Yazımızın izleyen bölümlerinde Türkiye’de yerleşik kurumların yurt dışından doğrudan finans kuruluşları yerine yurt dışında yerleşik ve finans kuruluşları dışında kalan diğer şirketlerden dolaylı olarak kullanmış oldukları kredilere ilişkin faiz giderlerinin K.V.K.’nın 30. maddesinde düzenlenmiş bulunan tevkifat uygulaması karşısındaki durumu ayrıntılı olarak açıklanacaktır.
II. SERMAYE HAREKETLERİNE İLİŞKİN DÜZENLEMELER;
Türkiye’de yerleşik kişilerin yurt dışından kredi kullanmalarının usul ve esaslarına ilişkin olarak Türk Parası Kıymetini Koruma Hakkında 32 Sayılı Karar ile bu Karara ilişkin (2008-32/34) no’lu tebliğde bir kısım düzenlemeler yapılmıştır. Ayrıca Türkiye Cumhuriyet Merkez Bankası A.Ş.’nin 2002/YB-1 ve 2002/ŞB-1 sayılı Genelgesinde de bu hususla ilgili olarak bir kısım düzenlemeler yapılmıştır. Anılan düzenlemeler çerçevesinde Türkiye’de yerleşik gerçek ve tüzel kişilerin yurt dışından kredi kullanmalarına ilişkin usul ve esaslar şu şekilde olacaktır.

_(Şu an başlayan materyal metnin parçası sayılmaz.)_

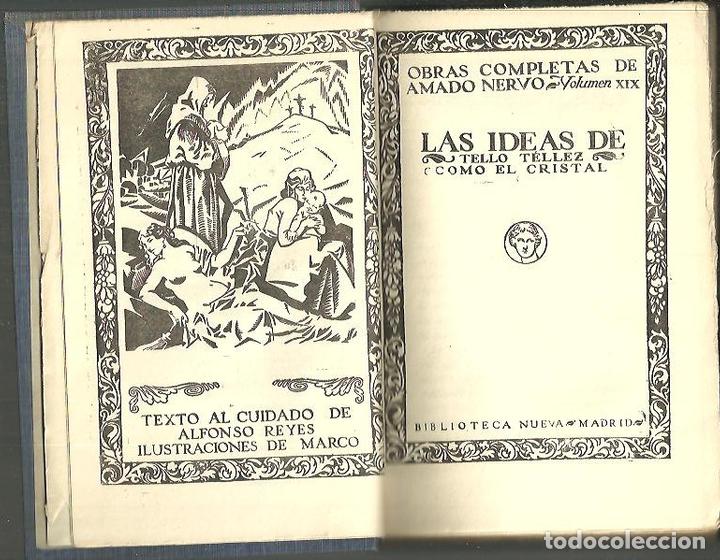 Libros: LAS IDEAS DE TELLO TELLEZ. COMO EL CRISTAL. - NERVO, Amado. - Foto 1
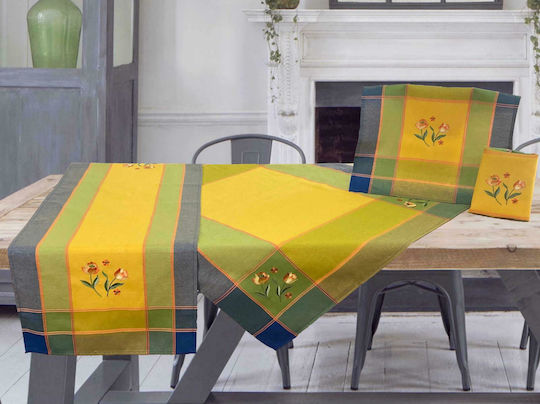 Linea Home Tischdecken Set 4Stücke Azure mit Stickerei Gelb 85x85cm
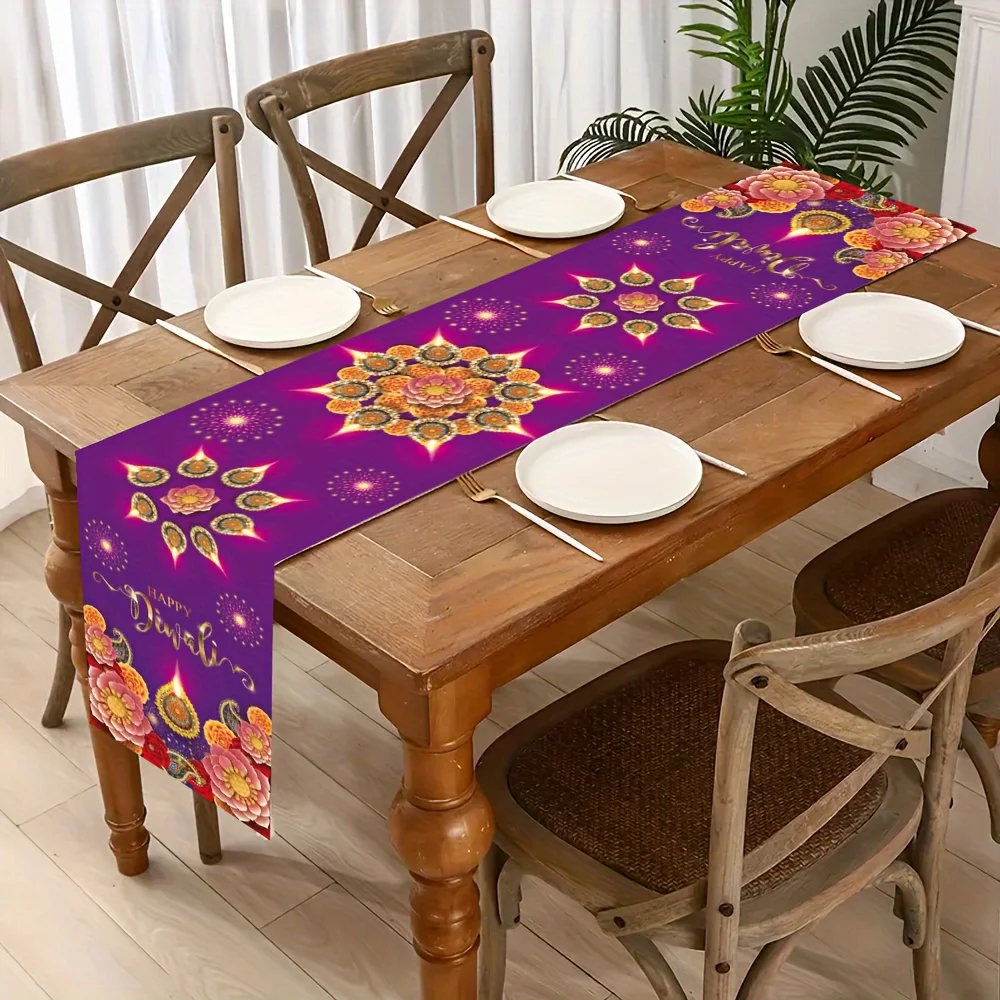 Happy Diwali Table Runner - Festival of Lights Mandala Pattern Decorative Table Cover for Dining Room Party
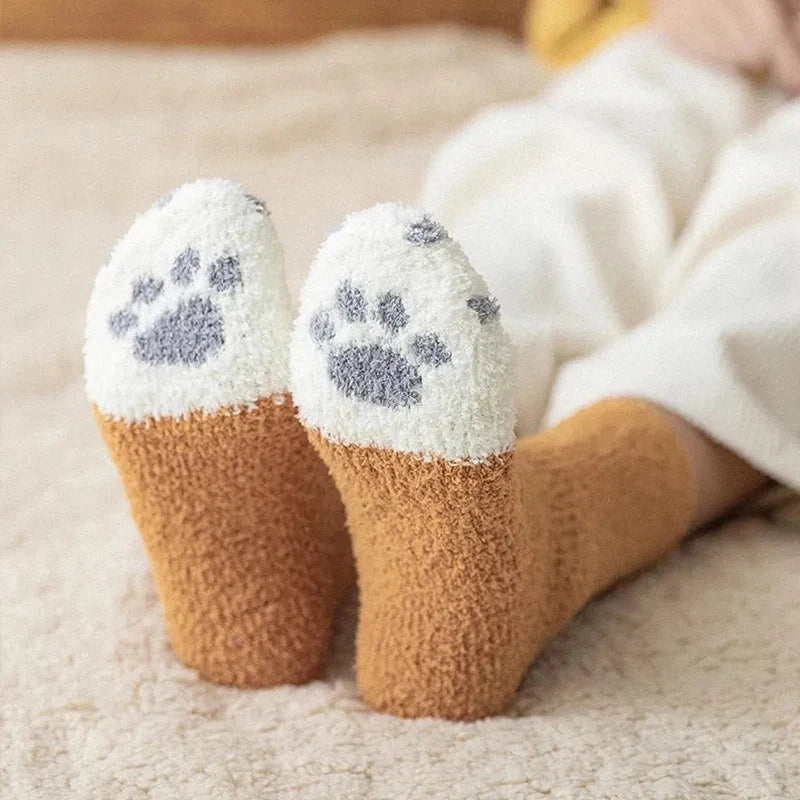 Plush Cat Paw Feet Cotton Socks - Socks from Dear Cece - Just £8.99! Shop now at Dear Cece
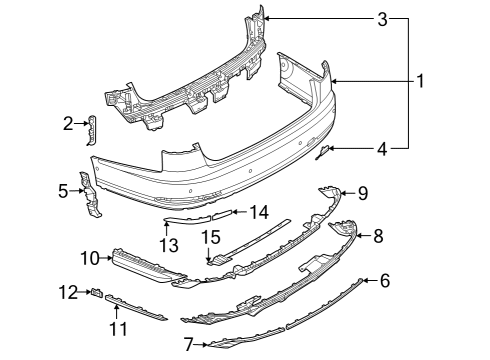 2023 Audi S8 Bumper & Components - Rear Diagram 1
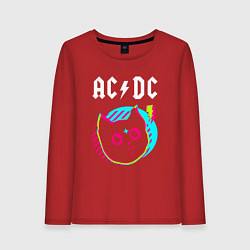 Лонгслив хлопковый женский AC DC rock star cat, цвет: красный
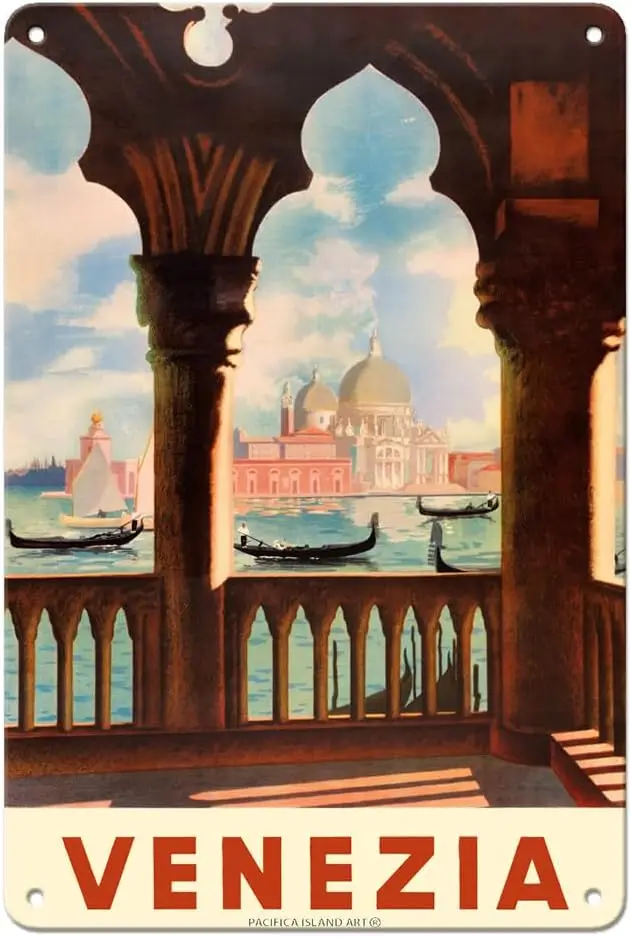 Venezia (Venice) Italy - Gondolas on Grand Canal - St. Mark's Basilica (Basilica di San Marco) - Vintage Travel Poster c.193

a. T.P.K.K.H.K. Uyarınca Yurt Dışından Kredi Alınması;
Türk parasının kıymetini korumak amacıyla Türk Parası Kıymetini Koruma Hakkında 32 Sayılı Karar ile; Türk parasının yabancı paralar karşısındaki değerinin belirlenmesine, döviz ve dövizi temsil eden belgelere (menkul kıymetler ve diğer sermaye piyasası araçları dahil) ilişkin tüm işlemler ile dövizlerin tasarruf ve idaresine, Türk parası ve Türk parasını temsil eden belgelerin (menkul kıymetler ve diğer sermaye piyasası araçları dahil) ithal ve ihracına, kıymetli maden, taş ve eşyalara ilişkin işlemlere, ihracata, ithalata, özelliği olan ithalat ve ihracata, görünmeyen işlemlere, sermaye hareketlerine ilişkin kambiyo işlemlerine ait düzenleyici ve sınırlayıcı esaslar tayin edilmiştir. Anılan Kararın 2. maddesinde yurt dışında işçi, serbest meslek ve müstakil iş sahibi Türk vatandaşları dahil Türkiye’de kanuni yerleşim yeri bulunan gerçek ve tüzel kişilerin “Türkiye’de yerleşik kişi” olarak değerlendirileceği, Türkiye’de yerleşik sayılmayan gerçek ve tüzel kişilerin ise dışarıda yerleşik kişi olarak değerlendirileceği hüküm altına alınmıştır.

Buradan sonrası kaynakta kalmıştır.